Philipp: Dass Sie rundherum glücklich und stolz sind, Mayor Ihrer Stadt sein zu dürfen, habe ich an Ihrer Art des Erzählens sofort bemerkt. Was ist es aber konkret, dass Sie am Bürgermeister-Sein lieben?

Woodruff: Zu allererst genieße ich es, mit so vielen Menschen aus Lancaster, aber auch international in Kontakt zu gelangen, wie es als Einzelperson nie möglich wäre. Auch hier zählt für mich wieder das Prinzip: Der Mensch steht im Mittelpunkt von allem Schaffen und Tun. Abgesehen davon empfinde ich es persönlich als außerordentlich wohltuend, dass ich während meiner Zeit als Mayor im Stadtrat so lange reden kann wie ich möchte, ohne dabei wegen der Zeit ermahnt zu werden wie es bei mir als „Einzelkämpfer“ immer der Fall gewesen ist.

Philipp: Jetzt haben Sie die ganze Stadt im Rücken und nicht nur diese. Sie erwähnten Ihre internationalen Kontakte nach Pennsylvania, Dänemark und auch Japan. Hat Lancaster eine deutsche Partnerstadt? Und wenn ja, worin besteht zum Beispiel das Miteinander?

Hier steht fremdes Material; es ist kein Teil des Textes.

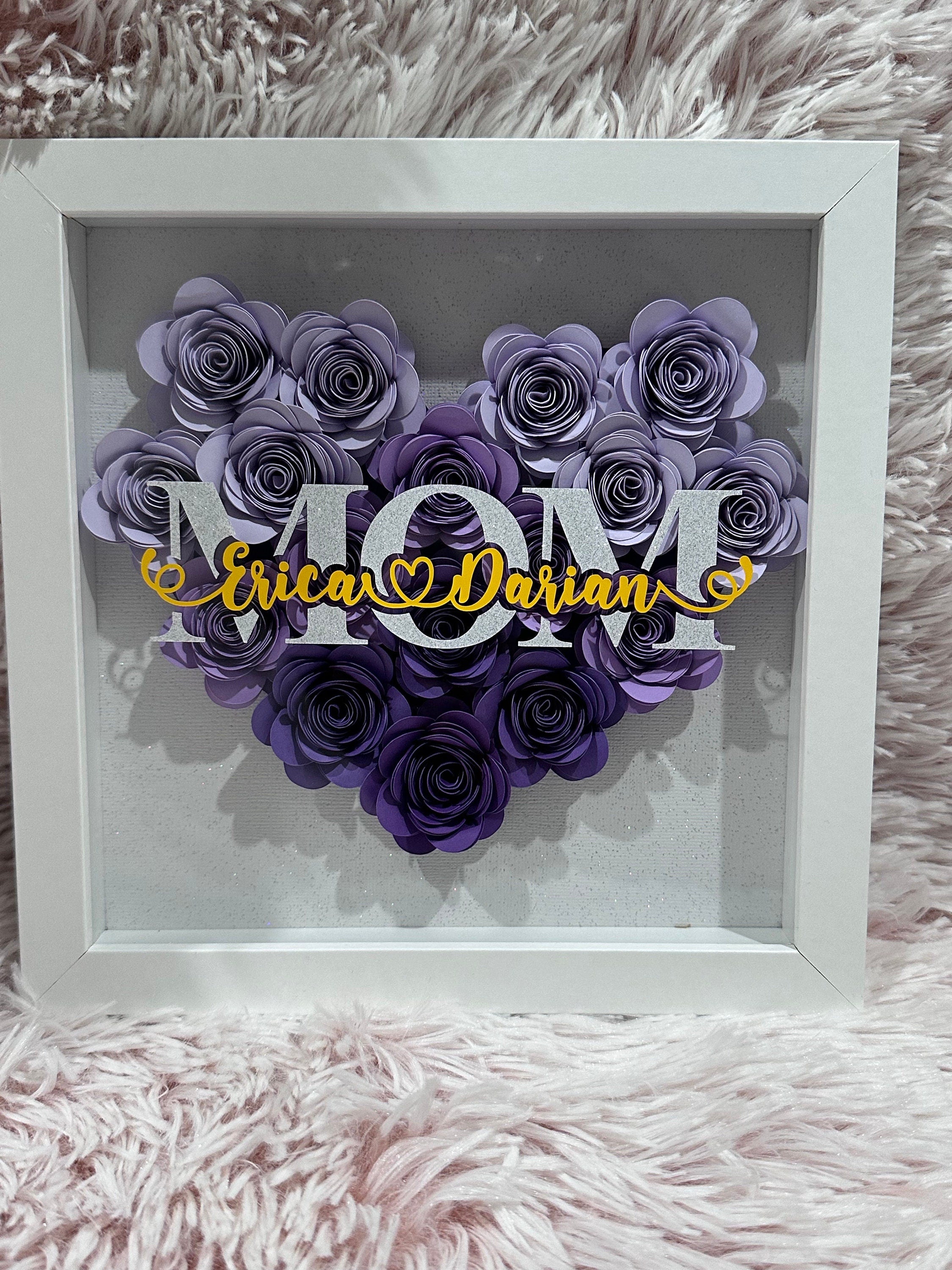 Mother’s Day Shadow Box, MOM shadow Box, Mothers day Gifts, Gifts for Her, Paper flower Shadow Box, Customized Gifts, Personalized Gifts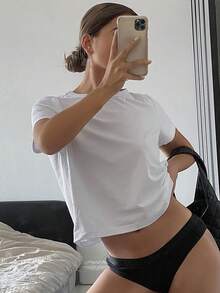 Dazy Tall 高个女款加长袖圆领休闲套头T恤短款上衣 - 白色 - 查看 2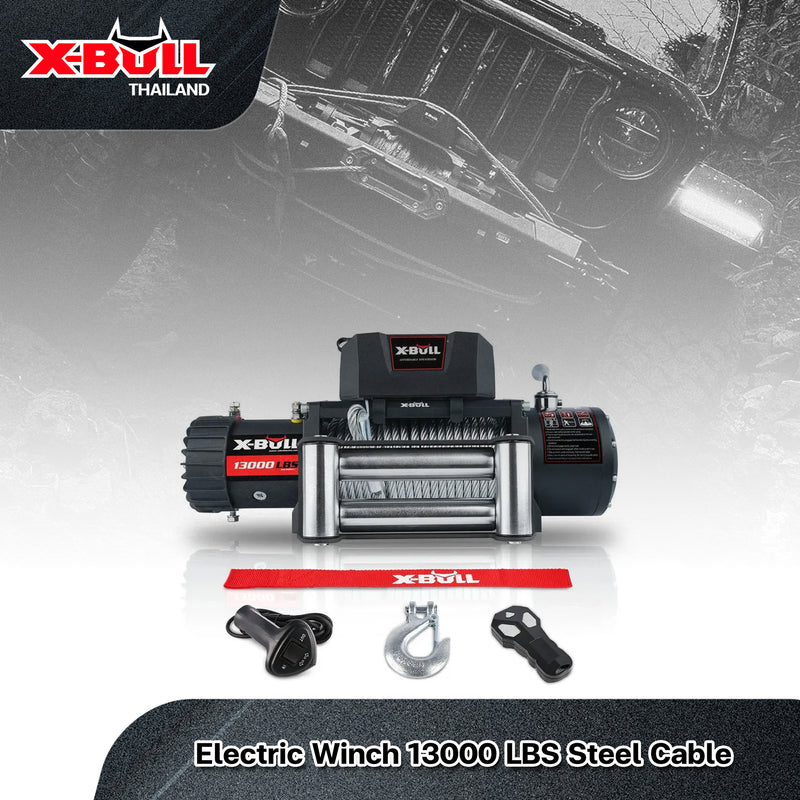 Load image into Gallery viewer, X-BULL Electric Winch 13000 LBS 12V  Steel Cable SUV Jeep Truck 4WD
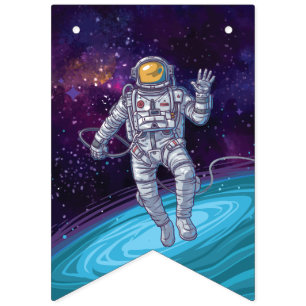 Astronaut in Space with Stars & Galaxy. Bunting Flags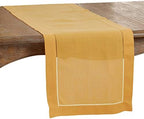 SARO LIFESTYLE Classic Hemstitch Table Runner - Elegant Everyday Table Runner with Textured Fabric and Hemstitched Border for Dining Tables and Formal Entertaining, 16"x72", Mustard by SaroLifestyle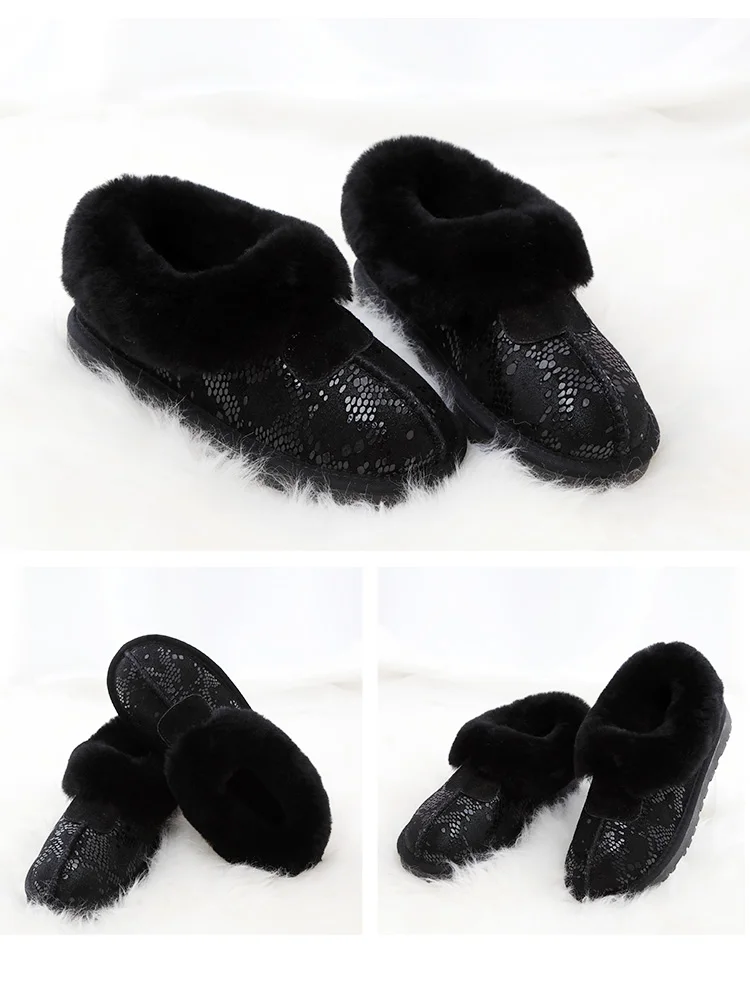 UVWP Новое поступление; классические Водонепроницаемые зимние сапоги из натуральной воловьей кожи; зимняя женская обувь без шнуровки; обувь на плоской подошве; зимние сапоги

Woodruff: Die hat Lancaster tatsächlich und ist darauf besonders stolz: Nämlich die norddeutsche Stadt Rendsburg, mit der mich besonders eine gute Beziehung zu meinem Kollegen verbindet. Das Miteinander besteht vor allem in den jährlichen „Games“, die eine Art Mini-Olympiade zwischen Partnerstädten darstellt und jedes Jahr in einer anderen Stadt ausgerichtet wird. Dieses Jahr wird sie in Deutschland stattfinden – es wird mein erstes Mal in Deutschland sein.

Philipp: Bei dieser Gelegenheit lade ich Sie offiziell in meine Heimat München ein, das zwar nicht gerade auf dem direkten Weg nach Rendsburg liegt, aber Sie umso mehr willkommen heißt! Bis Ihnen dann unser Oberbürgermeister mehr erklären und Sie willkommen heißen wird, habe ich Ihnen einen Bildband über München in Englisch mitgebracht, um den Kulturschock zu mindern. Herr Bürgermeister, vielen Dank für Ihre Zeit und Ihre Gedanken! Ich freue mich auf die Fortsetzung unserer Unterhaltung.